The Transformer consists of:

- **Encoder**: Extracts features from the input sentence.
- **Decoder**: Generates the target sentence.
- **Embedding Layers**: Convert words to dense vectors.


In [None]:
class Transformer(nn.Module):
    """
    Transformer model that consists of an Encoder and Decoder.

    Args:
        d_model (int): Dimension of the model.
        num_heads (int): Number of attention heads.
        d_ff (int): Dimension of the feed-forward network.
        num_layers (int): Number of encoder and decoder layers.
        input_vocab_size (int): Size of the input vocabulary.
        target_vocab_size (int): Size of the target vocabulary.
        max_len (int): Maximum sequence length.
        dropout (float): Dropout rate.
    """
    def __init__(self, d_model, num_heads, d_ff, num_layers,
                 input_vocab_size, target_vocab_size, 
                 max_len=512, dropout=0.1):
        """
        Initializes the Transformer model.

        Args:
            d_model (int): Dimension of the model.
            num_heads (int): Number of attention heads.
            d_ff (int): Dimension of the feed-forward network.
            num_layers (int): Number of encoder and decoder layers.
            input_vocab_size (int): Size of the input vocabulary.
            target_vocab_size (int): Size of the target vocabulary.
            max_len (int): Maximum sequence length.
            dropout (float): Dropout rate.
        """
        super().__init__()
        self.encoder_embedding = nn.Embedding(input_vocab_size, d_model)
        self.decoder_embedding = nn.Embedding(target_vocab_size, d_model)
        self.pos_embedding = PositionalEmbedding(d_model, max_len)
        self.encoder = Encoder(d_model, num_heads, d_ff, num_layers, dropout)
        self.decoder = Decoder(d_model, num_heads, d_ff, num_layers, dropout)
        self.output_layer = nn.Linear(d_model, target_vocab_size)
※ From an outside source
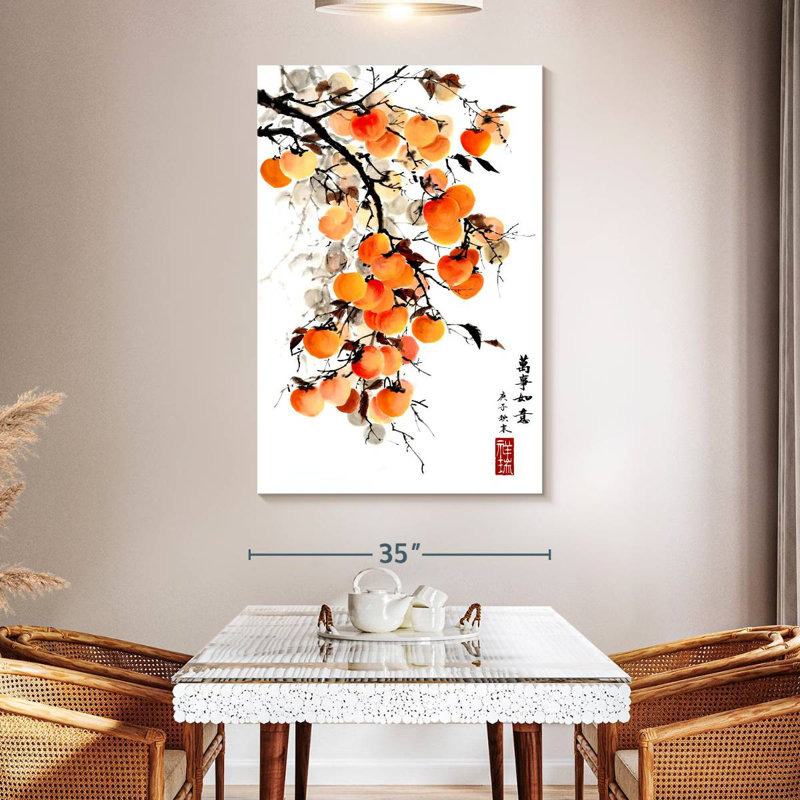 Harnek Ancient Chinese Persimmon, 51" H x 34" W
    def forward(self, source, target):
        """
        Performs the forward pass of the Transformer model. Applies target
        embedding and positional encoding that pass through the decoder.

        Args:
            source (Tensor): Input sequence tensor.
            target (Tensor): Target sequence tensor.

        Returns:
            Tensor: Output logits for the target vocabulary.
        """
        source_mask, target_mask = self.mask(source, target)
        source = self.encoder_embedding(source) * math.sqrt(self.encoder_embedding.embedding_dim)
        source = self.pos_embedding(source)
        encoder_output = self.encoder(source, source_mask)

        target = self.decoder_embedding(target) * math.sqrt(self.decoder_embedding.embedding_dim)
        target = self.pos_embedding(target)
        output = self.decoder(target, encoder_output, target_mask, source_mask)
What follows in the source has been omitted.